“I think you may be right,” said Bill, cautiously.
She folded her arms and squeezed down as if to make herself a smaller target.
The technician was looking at her with crinkled eyebrows. “Yes. We have twenty-three dependents. Fifty-six people in all. Monte has fifteen students.”
“Thank you,” said Hutch. “Wildside out.”
Bill’s innocuously content features hardened. “So if an evacuation does become necessary—”
“We’d have to leave almost half of them behind.” Hutch shook her head. “That’s good planning.”
“Hutch, what do we do?”
Damned if she knew. “Bill, get me a channel to Serenity.”
THE ERUPTIONS COMING from Proteus were growing more intense. Hutch watched one that appeared to stretch millions of kilometers, boiling out beyond the edge of the star cloud before running out of steam.
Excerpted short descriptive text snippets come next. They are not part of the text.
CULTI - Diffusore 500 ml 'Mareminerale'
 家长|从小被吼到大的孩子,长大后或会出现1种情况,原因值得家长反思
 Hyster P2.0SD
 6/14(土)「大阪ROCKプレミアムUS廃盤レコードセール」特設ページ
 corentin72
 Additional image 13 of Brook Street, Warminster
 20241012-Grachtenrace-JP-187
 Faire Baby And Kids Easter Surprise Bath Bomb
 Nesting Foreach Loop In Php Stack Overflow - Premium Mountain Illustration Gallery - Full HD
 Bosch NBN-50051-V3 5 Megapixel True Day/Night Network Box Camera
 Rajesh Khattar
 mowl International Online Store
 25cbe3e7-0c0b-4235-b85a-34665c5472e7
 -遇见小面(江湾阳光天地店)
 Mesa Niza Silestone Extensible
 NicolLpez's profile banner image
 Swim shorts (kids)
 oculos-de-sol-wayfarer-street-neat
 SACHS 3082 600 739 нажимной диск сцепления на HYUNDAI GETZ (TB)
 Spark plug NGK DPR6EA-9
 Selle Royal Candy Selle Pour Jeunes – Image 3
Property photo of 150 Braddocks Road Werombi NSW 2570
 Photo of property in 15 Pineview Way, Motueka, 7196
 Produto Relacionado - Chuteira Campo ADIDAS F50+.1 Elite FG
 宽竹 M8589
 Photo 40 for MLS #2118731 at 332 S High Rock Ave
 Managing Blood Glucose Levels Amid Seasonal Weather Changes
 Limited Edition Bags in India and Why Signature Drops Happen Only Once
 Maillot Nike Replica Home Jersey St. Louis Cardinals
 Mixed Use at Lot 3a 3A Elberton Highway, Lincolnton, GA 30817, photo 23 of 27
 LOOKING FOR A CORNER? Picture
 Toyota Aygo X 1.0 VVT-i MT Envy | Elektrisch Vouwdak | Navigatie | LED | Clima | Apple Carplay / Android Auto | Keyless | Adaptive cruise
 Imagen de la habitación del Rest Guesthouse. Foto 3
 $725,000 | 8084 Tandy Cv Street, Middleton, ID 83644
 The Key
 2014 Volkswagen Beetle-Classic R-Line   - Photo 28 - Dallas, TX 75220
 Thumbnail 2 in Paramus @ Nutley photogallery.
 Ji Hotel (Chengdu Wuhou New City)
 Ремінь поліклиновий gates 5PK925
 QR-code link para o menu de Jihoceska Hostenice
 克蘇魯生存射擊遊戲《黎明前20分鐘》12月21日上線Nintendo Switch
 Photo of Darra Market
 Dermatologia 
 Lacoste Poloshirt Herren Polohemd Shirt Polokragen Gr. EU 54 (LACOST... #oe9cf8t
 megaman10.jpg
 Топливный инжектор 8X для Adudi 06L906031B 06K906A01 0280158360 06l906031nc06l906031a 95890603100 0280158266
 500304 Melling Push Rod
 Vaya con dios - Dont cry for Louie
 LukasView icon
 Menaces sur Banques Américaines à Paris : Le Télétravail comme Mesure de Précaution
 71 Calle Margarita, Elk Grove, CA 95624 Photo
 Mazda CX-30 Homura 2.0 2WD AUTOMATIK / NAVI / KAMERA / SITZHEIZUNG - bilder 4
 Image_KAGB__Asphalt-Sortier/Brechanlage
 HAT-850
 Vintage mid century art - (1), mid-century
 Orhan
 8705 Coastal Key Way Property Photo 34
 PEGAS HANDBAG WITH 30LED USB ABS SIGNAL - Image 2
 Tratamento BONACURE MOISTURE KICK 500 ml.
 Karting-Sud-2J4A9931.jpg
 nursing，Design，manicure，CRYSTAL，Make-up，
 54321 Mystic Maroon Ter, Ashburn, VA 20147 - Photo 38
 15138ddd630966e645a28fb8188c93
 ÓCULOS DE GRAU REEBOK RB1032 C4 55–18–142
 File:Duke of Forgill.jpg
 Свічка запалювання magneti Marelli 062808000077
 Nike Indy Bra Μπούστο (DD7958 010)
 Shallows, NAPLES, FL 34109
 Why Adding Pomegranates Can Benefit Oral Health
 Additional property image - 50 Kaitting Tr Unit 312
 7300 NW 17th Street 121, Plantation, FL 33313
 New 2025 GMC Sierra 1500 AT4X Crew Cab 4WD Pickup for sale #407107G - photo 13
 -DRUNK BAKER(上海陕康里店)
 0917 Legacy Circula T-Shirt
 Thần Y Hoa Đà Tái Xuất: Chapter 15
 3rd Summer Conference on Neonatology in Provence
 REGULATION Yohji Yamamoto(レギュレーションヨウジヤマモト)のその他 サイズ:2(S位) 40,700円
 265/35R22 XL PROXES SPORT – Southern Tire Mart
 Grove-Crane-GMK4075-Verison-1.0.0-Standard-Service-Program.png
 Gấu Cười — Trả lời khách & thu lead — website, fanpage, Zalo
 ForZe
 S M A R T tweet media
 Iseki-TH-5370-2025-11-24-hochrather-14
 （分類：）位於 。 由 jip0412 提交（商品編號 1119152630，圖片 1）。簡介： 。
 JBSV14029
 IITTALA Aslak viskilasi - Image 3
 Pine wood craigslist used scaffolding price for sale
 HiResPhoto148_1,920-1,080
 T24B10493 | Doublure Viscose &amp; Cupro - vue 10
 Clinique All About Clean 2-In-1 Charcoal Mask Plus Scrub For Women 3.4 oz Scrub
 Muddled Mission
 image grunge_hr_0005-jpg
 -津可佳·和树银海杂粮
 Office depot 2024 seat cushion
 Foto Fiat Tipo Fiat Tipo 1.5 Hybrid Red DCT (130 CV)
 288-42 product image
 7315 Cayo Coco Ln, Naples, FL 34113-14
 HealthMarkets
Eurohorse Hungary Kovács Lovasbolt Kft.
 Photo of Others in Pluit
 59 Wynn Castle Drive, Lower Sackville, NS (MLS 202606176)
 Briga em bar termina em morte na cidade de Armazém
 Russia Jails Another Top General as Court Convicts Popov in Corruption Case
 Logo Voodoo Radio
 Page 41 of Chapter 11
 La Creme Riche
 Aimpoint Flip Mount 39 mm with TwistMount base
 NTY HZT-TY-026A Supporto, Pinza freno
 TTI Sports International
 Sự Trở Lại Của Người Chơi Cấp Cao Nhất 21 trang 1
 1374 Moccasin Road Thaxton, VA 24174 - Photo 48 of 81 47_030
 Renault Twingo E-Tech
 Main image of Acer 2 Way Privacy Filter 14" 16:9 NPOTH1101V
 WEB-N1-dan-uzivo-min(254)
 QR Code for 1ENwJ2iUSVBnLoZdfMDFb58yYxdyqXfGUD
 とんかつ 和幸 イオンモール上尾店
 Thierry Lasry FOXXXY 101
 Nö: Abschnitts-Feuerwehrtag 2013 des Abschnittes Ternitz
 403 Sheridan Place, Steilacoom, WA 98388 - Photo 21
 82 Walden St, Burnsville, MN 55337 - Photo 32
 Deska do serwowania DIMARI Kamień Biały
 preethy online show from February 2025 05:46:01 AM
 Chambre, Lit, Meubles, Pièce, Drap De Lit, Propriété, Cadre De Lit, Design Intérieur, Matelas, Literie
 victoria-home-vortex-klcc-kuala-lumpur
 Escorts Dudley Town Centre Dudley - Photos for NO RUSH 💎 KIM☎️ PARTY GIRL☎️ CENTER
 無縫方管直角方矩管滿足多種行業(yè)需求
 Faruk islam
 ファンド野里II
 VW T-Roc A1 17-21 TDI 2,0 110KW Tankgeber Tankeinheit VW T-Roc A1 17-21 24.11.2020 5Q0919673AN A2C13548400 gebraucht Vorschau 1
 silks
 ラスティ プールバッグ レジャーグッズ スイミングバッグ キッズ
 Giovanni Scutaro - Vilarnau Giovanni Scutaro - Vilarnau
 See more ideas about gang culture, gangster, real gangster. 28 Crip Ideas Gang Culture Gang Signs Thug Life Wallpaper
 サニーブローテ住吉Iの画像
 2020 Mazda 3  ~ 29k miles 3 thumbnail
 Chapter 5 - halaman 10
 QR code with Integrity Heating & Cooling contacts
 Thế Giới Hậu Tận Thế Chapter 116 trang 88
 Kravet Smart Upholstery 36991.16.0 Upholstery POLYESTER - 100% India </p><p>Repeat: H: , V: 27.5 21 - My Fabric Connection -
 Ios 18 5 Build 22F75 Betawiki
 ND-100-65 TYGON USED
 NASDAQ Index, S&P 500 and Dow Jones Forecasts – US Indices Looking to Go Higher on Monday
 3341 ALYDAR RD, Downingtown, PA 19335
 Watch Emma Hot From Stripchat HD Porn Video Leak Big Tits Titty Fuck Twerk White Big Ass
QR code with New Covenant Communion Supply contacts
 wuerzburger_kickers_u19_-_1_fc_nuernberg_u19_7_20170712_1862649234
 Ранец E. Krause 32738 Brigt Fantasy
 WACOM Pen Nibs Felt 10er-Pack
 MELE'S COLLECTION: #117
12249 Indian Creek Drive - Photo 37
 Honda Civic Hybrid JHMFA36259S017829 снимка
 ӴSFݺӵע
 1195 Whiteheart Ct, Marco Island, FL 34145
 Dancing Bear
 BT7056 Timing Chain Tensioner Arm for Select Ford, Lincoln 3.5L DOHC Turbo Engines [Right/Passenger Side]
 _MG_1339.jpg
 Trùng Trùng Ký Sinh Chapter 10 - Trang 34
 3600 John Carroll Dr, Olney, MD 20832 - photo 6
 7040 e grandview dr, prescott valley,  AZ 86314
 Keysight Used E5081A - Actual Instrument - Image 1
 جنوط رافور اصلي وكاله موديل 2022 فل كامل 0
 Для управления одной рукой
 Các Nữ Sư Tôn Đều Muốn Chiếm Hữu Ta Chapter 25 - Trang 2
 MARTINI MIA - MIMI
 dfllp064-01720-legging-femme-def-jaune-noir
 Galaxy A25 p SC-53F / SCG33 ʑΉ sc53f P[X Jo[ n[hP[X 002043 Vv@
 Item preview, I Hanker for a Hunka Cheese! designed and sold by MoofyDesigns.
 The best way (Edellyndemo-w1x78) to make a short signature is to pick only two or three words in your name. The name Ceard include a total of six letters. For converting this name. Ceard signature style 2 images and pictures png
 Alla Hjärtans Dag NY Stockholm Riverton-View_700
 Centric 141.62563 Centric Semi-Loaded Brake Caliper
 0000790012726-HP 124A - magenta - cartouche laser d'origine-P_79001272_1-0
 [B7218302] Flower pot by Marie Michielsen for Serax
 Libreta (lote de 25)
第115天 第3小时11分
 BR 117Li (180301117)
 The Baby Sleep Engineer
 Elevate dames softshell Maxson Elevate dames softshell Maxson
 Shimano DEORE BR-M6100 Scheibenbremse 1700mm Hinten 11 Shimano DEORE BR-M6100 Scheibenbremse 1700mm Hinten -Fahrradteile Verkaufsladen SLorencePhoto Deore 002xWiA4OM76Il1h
“All set to Serenity,” said Bill.
She checked the operations roster and saw that Sara Smith would be on duty when the transmission arrived, in two and a half hours. Sara was an aggressive, ambitious type, on her way up to management. Not easy to get along with, but Sara would understand the problem and take it seriously. It was Sara’s boss, Clay Barber, who’d assigned Hutch to the mission and instructed her to take the suddenly inadequate Wildside.
She composed herself. Blowing up would be unprofessional.
The green lamp over the console imager blinked on. “Sara,” she said, gazing steadily into the lens but keeping her voice level, “I’m supposed to be able to evacuate Renaissance if there’s a problem. But apparently somebody forgot they have dependents. Wildside doesn’t have space for everybody. Not close.
“Please advise Clay. We need a bigger ship here tout de suite. I don’t know whether this place is going to blow or not, but if it does, as things now stand, we are going to have to leave twenty or so people.”
“That was good, Hutch,” said Bill. “I thought you struck exactly the right note.”